Today, we can’t even say for certain what role our DNAs play in our evolution. For years, the vast stretches of DNA between our 20,000 or so protein-coding genes – more than 98% of the genetic sequence inside each of our cells – was written off as “junk” DNA. The “Encode” project started in 2003 found that the “junk” DNA is far from useless: within these regions, they have identified more than 10,000 new “genes” that code for components that control how the more familiar protein-coding genes work. Imagine talking to a scientist in the early 2000s and questioning how evolution didn’t get rid of this “junk”.
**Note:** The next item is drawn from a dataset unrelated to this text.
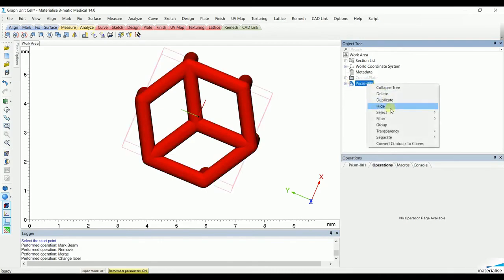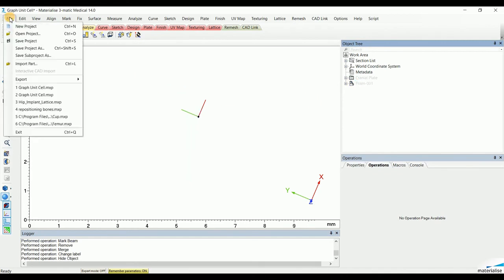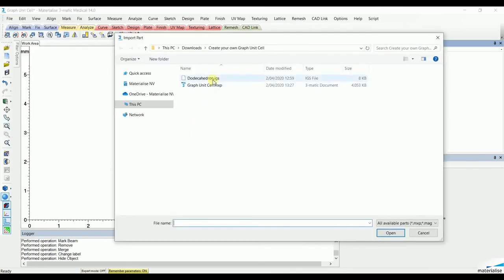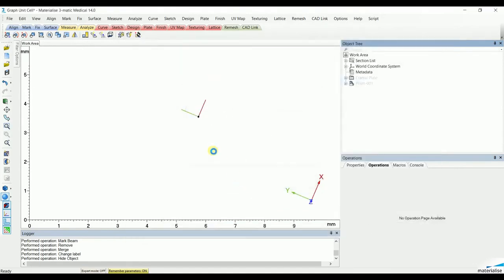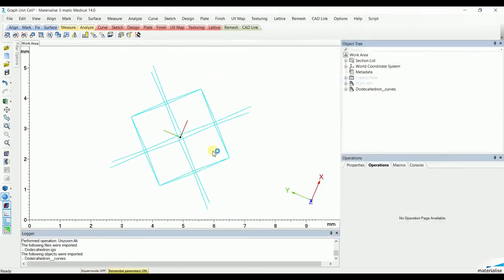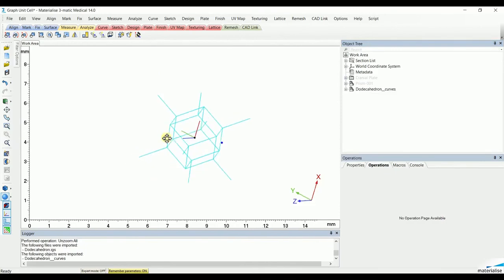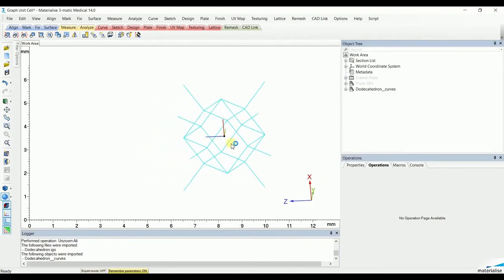A second method is to import an IGES file that already contains the curves that create the skeleton of the graph unit cell. In this case, a dodecahedron. You can already see that the curves are created, and this can be done, for example, in another type of CAD software.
So where does that leave us? I believe our minds, body, the universe, and nature are much more complicated than what today’s science or blind faith can understand. What can’t be understood by science and is rejected by the “bright” minds, does not need to be false. It leaves people who have nothing else to turn to but religions and superstitions to fear the unknown and blindly follow what society tells them to. What someone believes blindly to be caused by a superpower, can similarly be explained by the science of the future. Who knows the science of tomorrow might be able to confirm that ancestors’ “memories” are carried over to the individuals over generations via DNAs which impacts our psyche and it is when a specific condition is met, that some individuals start to “recall” past lives and “speak” to their ancestors or “other spirits” resulting in what is today called “spiritual emergence”. Quantum theory states that a small particle on Earth can have an impact on a planet situated somewhere else in the Universe. If a particle can have such an impact on a vast body of mass, is it that difficult to speculate that humans can have a similar impact on one another without realizing it? Highly sensitive people till a few decades back would have been termed “abnormal” because of their increased sensitivity to others and their surroundings. Who knows science of tomorrow can finally explain what altered states of minds are and why some of us have “gifts” that others don’t?

I find myself in a weird predicament. Having experienced what science can’t explain today, having seen for myself how my psyche relates to my spirituality, having experienced outwardly experiences while performing and receiving Reiki healing and feeling my patient’s emotions while doing so and having seen what my brain can do, I find it hard to limit my understanding with either today’s science or with the blind beliefs of others. I am a student of science and yet the only comfort I could find for myself was within the spiritual community because the “logical” minds could not understand my experiences. Yet, it was the science of today that could help me confirm that I was not going “crazy” and get a better hold of my situation though I have started to doubt that any one of us is truly crazy. At the same time, I find it difficult to believe that there will never be a science that can explain all of my experiences. I hope that tomorrow comes sooner than later because I believe that the more strides are made to bridge the gap between science, psychology, and spirituality, the more “enlightenment” we’ll experience as sentient beings. I just wish that in the battle of the egos of the “learned” and the “believers”, we don’t lose our humanity.